Hospice can help prevent caregiver burnout in a number of ways. Although most of the day- to-day physical needs of a person receiving hospice care are attended to by family caregivers, hospice staff can offer advice, emotional support, and much-needed respite care. If the caregiver is experiencing extreme distress, they may also provide a referral to a mental health professional who can help that person sort through their feelings and develop more robust coping skills. Hospice staff and volunteers are also well-versed in the kinds of stressors that family caregivers face, and can often suggest concrete ways to lessen the burden when the caregiver(s) feel overwhelmed. 

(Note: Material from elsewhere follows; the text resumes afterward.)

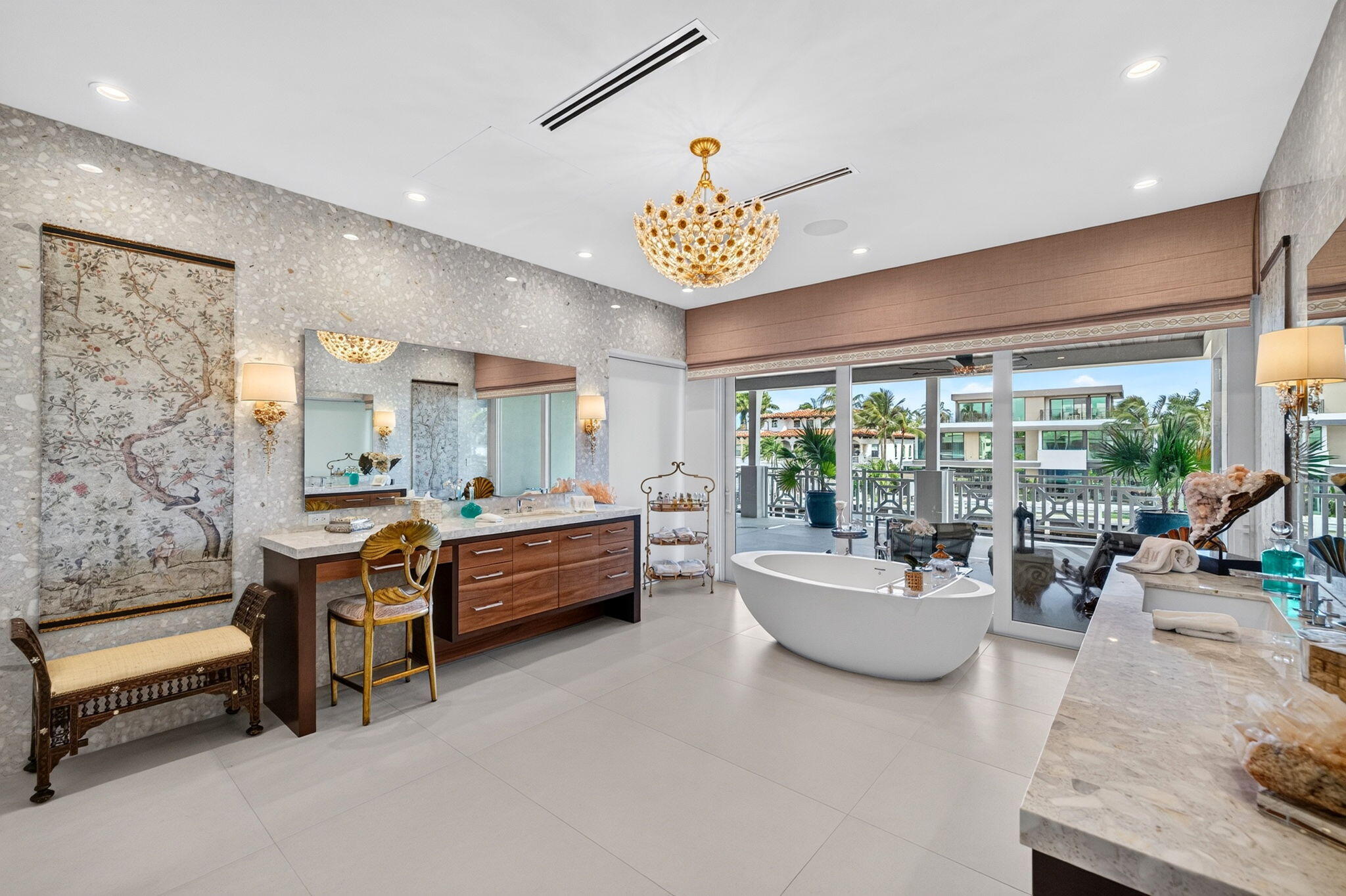 650 Isle Of Palms Dr Fort Lauderdale, FL 33301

Caregiver burnout: What is it?

Thanks to advances in science and medicine, many people suffering from a terminal or life-limiting illness today live far longer than they would have even a few decades ago. Further, more and more people approaching the end of life are being cared for in their homes. According to data from the Centers for Disease Control and Prevention, between 2000 and 2018,, the percentage of people who died in hospitals fell from 48% to 35%, while the percentage of people who died in their own homes rose from 22.7% to 31.4%. And while some of those home deaths undoubtedly occurred suddenly, about 7 in 10 are attributable to chronic diseases, according to the CDC. 

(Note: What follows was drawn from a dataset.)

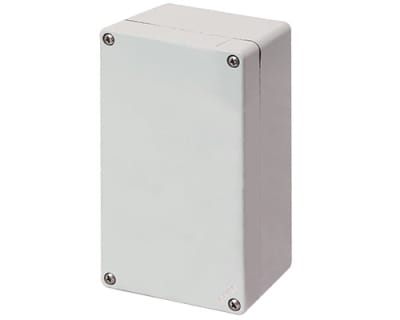 NEW ELFIN 040C0915-7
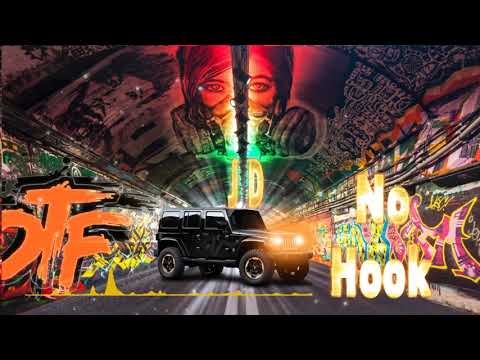 No Hook X JDOTF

What this means from a practical standpoint is that illness trajectories are longer, and fewer sick patients are being cared for in hospitals than any time in the recent past. As a result, more and more family members find themselves in the position of caring for a spouse, sibling or aging parent in their home over many months and even years. This can lead to many different levels of stress and distress, from financial challenges (for example, if someone had to quit their job to take care of the loved one) to exhaustion, anxiety, depression and poor physical health. Eventually, the caregiver may develop feelings of anger and resentment towards the person needing care — challenging emotions that may lead to feelings of guilt and shame. Many family caregivers develop poor eating habits, sleep irregularly and lose contact with other family members and friends. Isolated and overwhelmed, they may eventually descend into the state of physical, emotional and mental exhaustion known as caregiver burnout, which is characterized by anxiety, depression, hopelessness and compassion fatigue. In some extreme cases, a burnt out caregiver may actually neglect or actively harm to the person they have been caring for.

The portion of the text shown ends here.